Ana Soeiro diz que os efeitos destes produtos na gastronomia e no turismo "nunca foram estudados". A fileira produtiva não está unida como a do Comté, que conseguiu "repercutir na cadeia a mais-valia do queijo". Além disso, garante, tem-se assistido ao progressivo abandono de produtores e a alguma adulteração. "O queijo de Niza, por exemplo, só é feito por um produtor. Deixam de fazer estes produtos especiais para fabricar os mais vulgares, mas depois não conseguem competir com os grandes operadores", aponta.

Para Pedro Pimentel, secretário-geral da Associação Nacional dos Industriais de Lacticínios, há um trabalho a fazer na sensibilização dos consumidores. "Ao contrário de outros produtos lácteos, como o iogurte e o leite, onde temos um consumo per capita acima da média, cada português consome por ano cerca de 11 quilos de queijo, por comparação com 25 quilos em França", revela. Há espaço para crescer, mas a valorização dos produtos protegidos não aumenta sem uma alteração de hábitos. "Há que fazer a educação do sabor, e orientar o consumidor para a diversidade. No queijo, é preciso avançar na cadeia de valor", sustenta.

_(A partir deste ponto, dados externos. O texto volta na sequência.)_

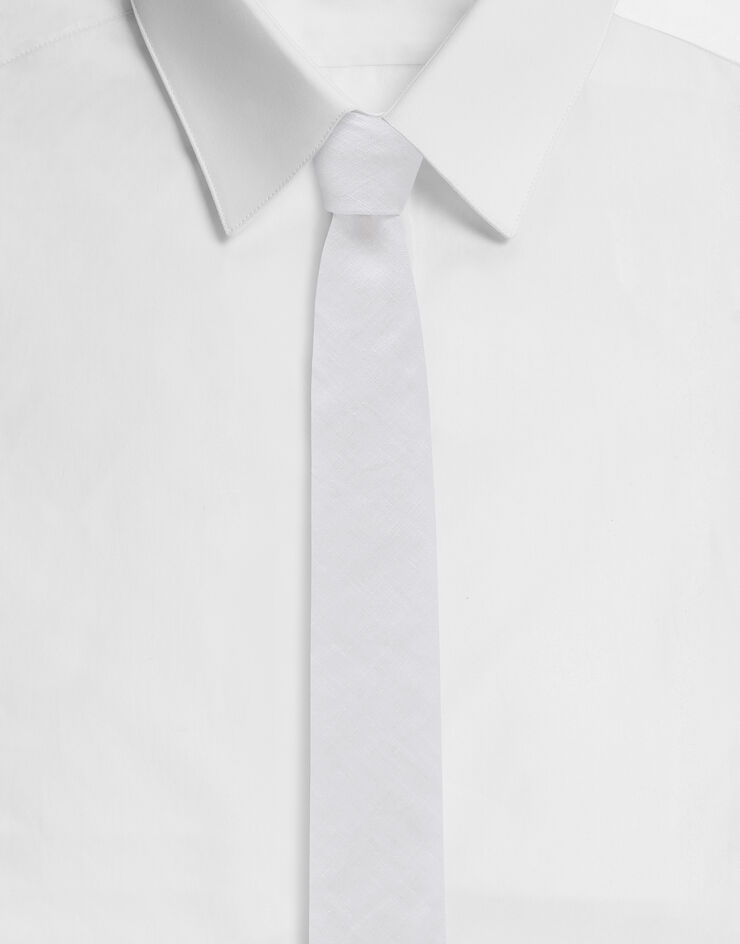 Dolce & Gabbana Linen tie with DG logo White GT149EFU4LG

Queijo DOP vale 5,6 mil milhões na EU
No espaço europeu, os produtos de Denominação de Origem Protegida (DOP= ou com Indicação Gerográfica Protegida (IGP) valiam, em 2008, 14,5 mil milhões de euros, e o queijo é o que mais contribuiu para esse valor (39%). De acordo com dados de Bruxelas, 8% do queijo produzido na Europa – que vale entre 3 a 4% da produção mundial – é protegido. O grupo de produtos alimentares que ostentam estas classificações inclui carne e produtos feitos à base de carne, cerveja, fruta e vegetais, pastelaria, produtos feitos à base de peixe ou azeite. Os últimos dados disponíveis indicam que as exportações destes alimentos para fora do espaço europeu valem cerca de 700 milhões de euros. A Comissão Europeia definiu e regulamentou os registos DOP e IGP em 1992.